SCIseg: Automatic Segmentation of T2-weighted Intramedullary Lesions in Spinal Cord Injury

medRxiv preprint, 2024 · DOI: https://doi.org/10.1101/2024.01.03.24300794 · Published: April 21, 2024

Spinal Cord InjuryMedical ImagingBioinformatics

Simple Explanation

This study introduces SCIseg, a deep learning tool designed for automatic segmentation of T2-weighted intramedullary lesions in spinal cord injury (SCI). The goal is to automate lesion identification and measurement on MRI scans. The SCIseg model was trained using MRI data from 191 SCI patients across three different sites, accounting for variations in MRI scanners, image resolutions, and lesion types. The training included a three-phase process, using active learning to improve the model's performance. The model's performance was compared with manual lesion segmentations and other open-source methods. Results showed that SCIseg accurately segments spinal cord lesions, providing reliable measurements of lesion characteristics.

Study Duration
July 2002 and February 2023
Participants
191 SCI patients
Evidence Level
Not specified

Key Findings

  • 1
    SCIseg, an open-source automatic method, was trained and evaluated on a dataset of 191 spinal cord injury patients from three sites for segmenting spinal cord and T2-weighted lesions.
  • 2
    SCIseg generalizes across traumatic and non-traumatic lesions, scanner manufacturers, and heterogeneous image resolutions, enabling automatic extraction of lesion morphometrics in large multi-site cohorts.
  • 3
    Quantitative MRI biomarkers, such as lesion length and maximal axial damage ratio, derived from SCIseg's automatic predictions, showed no statistically significant difference compared to manual ground truth.

Research Summary

This study introduces SCIseg, a deep learning-based tool for the automatic segmentation of the spinal cord and intramedullary lesions from T2-weighted MRI scans of SCI patients. SCIseg was trained and evaluated on a diverse dataset of 191 SCI patients from three sites, demonstrating its ability to generalize across different scanner manufacturers, image resolutions, and lesion etiologies. The automatic predictions from SCIseg showed reliable quantitative MRI biomarkers compared to manual annotations, and the tool is open-source and accessible through the Spinal Cord Toolbox.

Practical Implications

Automated Lesion Segmentation

SCIseg automates the tedious manual annotation process of spinal cord lesions, saving time and reducing inter-rater variability.

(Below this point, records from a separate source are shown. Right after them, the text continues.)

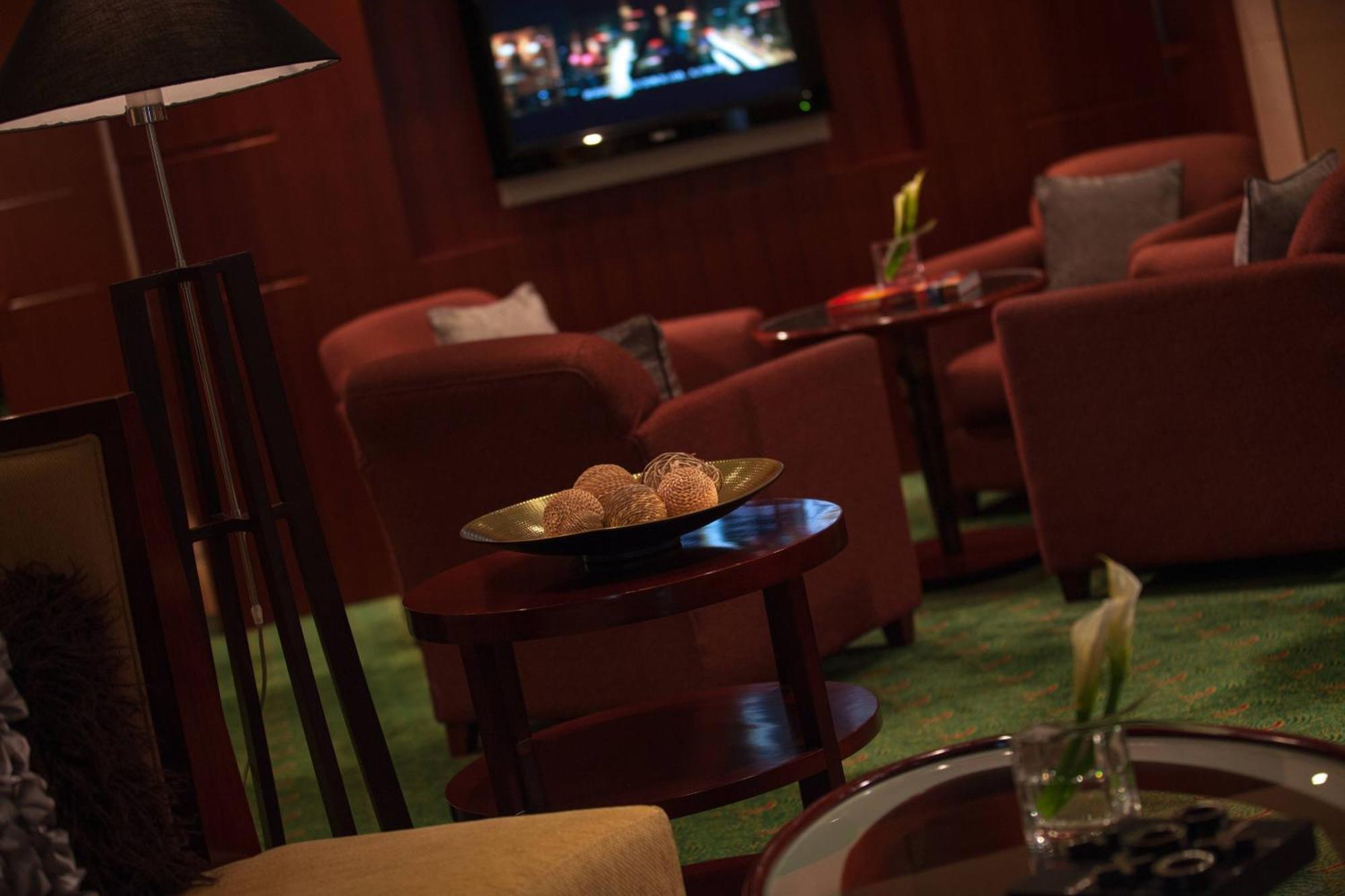 Renaissance Wuhan Hotel Zewnętrze zdjęcie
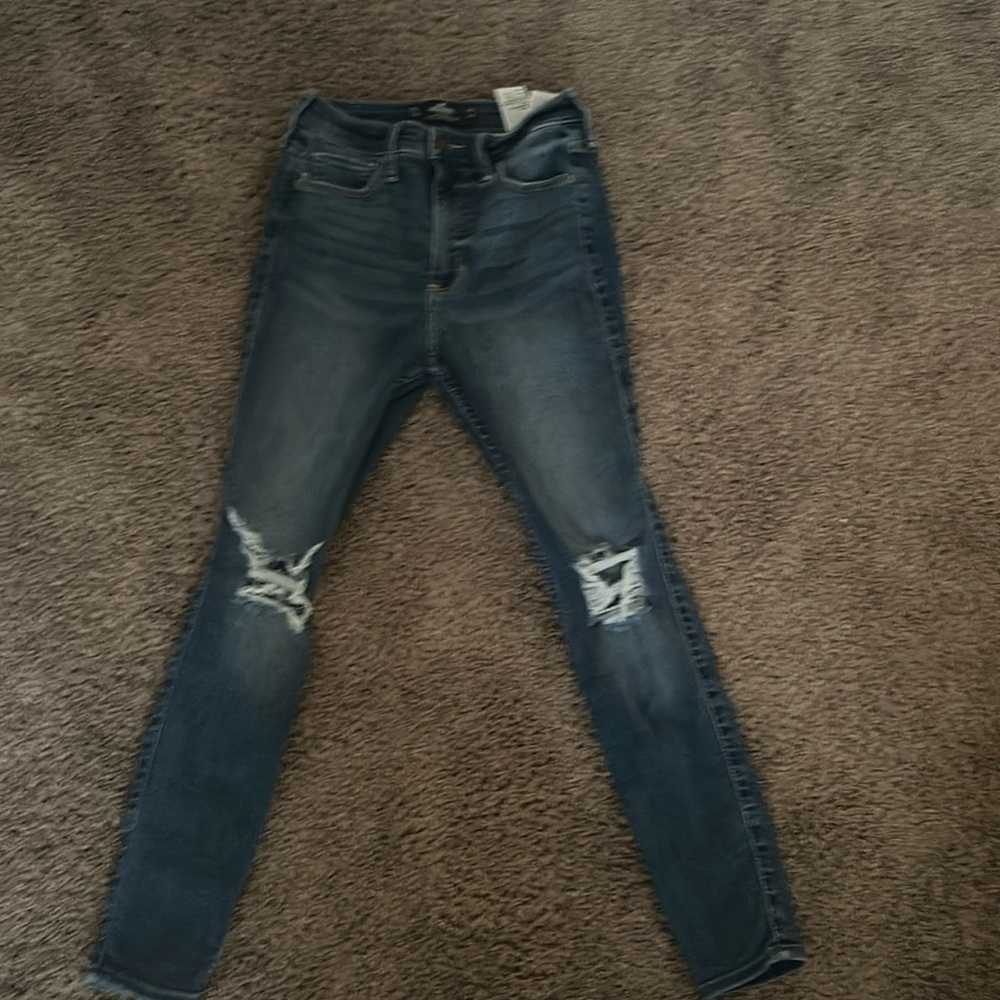 Hollister ripped skinny jeans, w=26, L=26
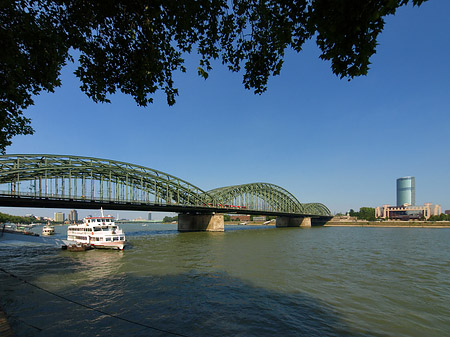 Foto Hohenzollernbrücke reicht ans Kennedyufer - Köln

Reliable Biomarker Extraction

The tool allows for reliable extraction of quantitative MRI biomarkers in large cohorts, facilitating multi-site studies and improving statistical power.

Improved Clinical Utility

By providing accurate lesion segmentations, SCIseg can aid in the diagnosis, prognostication, and monitoring of spinal cord injury, potentially leading to more customized patient-based rehabilitation strategies.

Study Limitations

  • 1
    Longitudinal scans from patients were treated as independent inputs, not allowing the model to learn lesion evolution over time.
  • 2
    The model's sensitivity to hyperintense abnormalities might result in false positive segmentations in healthy controls.
  • 3
    The limited training set size of 196 scans risks overfitting.